Given these two issues, GSC contended that the project’s scope had changed, and it was entitled to a time extension. When the CO terminated the contract, GSC also claimed that the owner had previously provided GSC with more time to complete the project, so the owner had forfeited the right to enforce the deadline. GSC took the case to the Armed Services Board of Contract Appeals (BCA). The BCA reviewed the case and denied the appeal. At that point, GSC turned to the United States Court of Appeals for the Federal Circuit.
What the Appellate Court Decided
On May 2, 2022, the appellate court reviewed the case and the issues in question. First, it considered the change-in-scope argument surrounding the soil removal. It rejected the contractor’s argument since the contract clearly stated that the soil removal was the responsibility of GSC. And the court was not convinced that the second contractor had any obligation to do the work.

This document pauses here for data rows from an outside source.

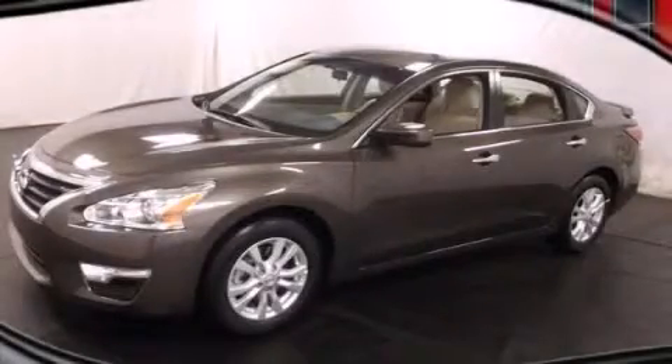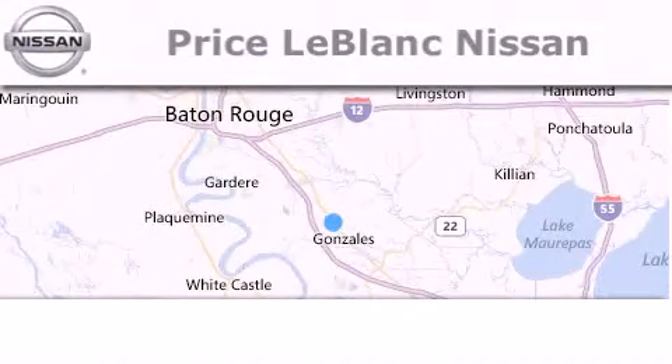Contact us today to arrange your test drive. Thank you for shopping at Price LeBlanc Nissan.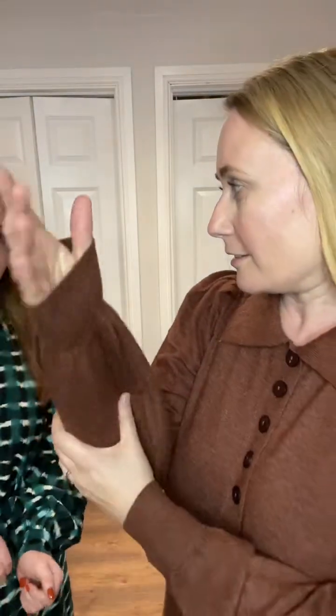This one is by B.Young, £59.99 — another knitted dress in a rust color, whereas the other one we have left is burgundy. It's so, so soft and really comfy — I could just fall asleep in it! It falls just past the knee.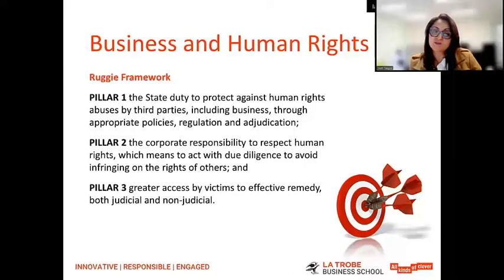In 2008, expert Professor John Ruggie proposed what is now famously known as the Protect, Respect and Remedy Policy Framework for businesses to adopt in relation to human rights. This was adopted unanimously by the Human Rights Council. The framework rests on three key pillars: Pillar One is the state duty to protect against human rights abuses by third parties; Pillar Two is the corporate responsibility to respect human rights; and Pillar Three is access to remedy by victims, both judicial and non-judicial.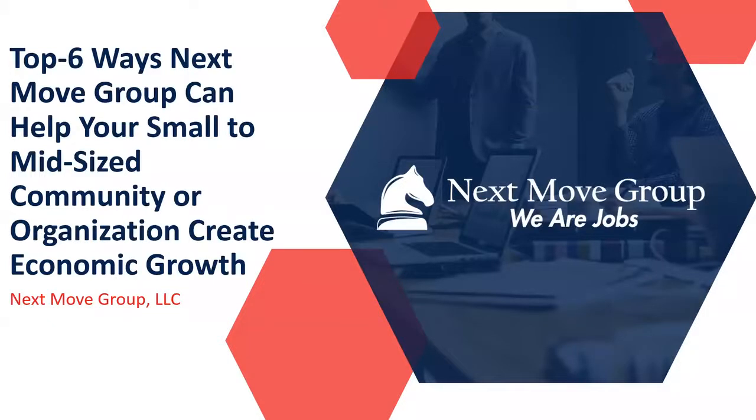Hello, I'm Chad Chancellor, the co-founder of Next Move Group, and I'm so pleased you're joining us on today's webinar. Today, we're really going to talk about the ways that Next Move Group can help your small town or mid-sized community organization create economic growth.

Second, the court reviewed the time extension request resulting from the more stringent design issue, which had caused the delay. The court rejected GSC’s argument since the contract stipulated that the contractor was solely responsible for coordinating the necessary design work. Since GSC failed to use the correct design standards initially, it was responsible for the error and the subsequent delay. Finally, the court was not swayed by the forfeiture argument. In correspondence between the owner and the contractor, the owner repeatedly asked for timing updates and maintained the completion deadline.
While contractors often have good reason to file change-in-scope claims or request time extensions, GSC did not have the evidence to back up their arguments in this case. No doubt, the soil removal was cumbersome and the design error unfortunate, but the contractor was responsible for those issues, as stated in the contract.
Design professionals must read and understand every word of their contracts before signing them. Often, the architect may play a large role in contract administration and may be responsible for creating and clarifying scope. Therefore, ensuring that contracts have appropriate terms to deal with scope creep and changes is paramount.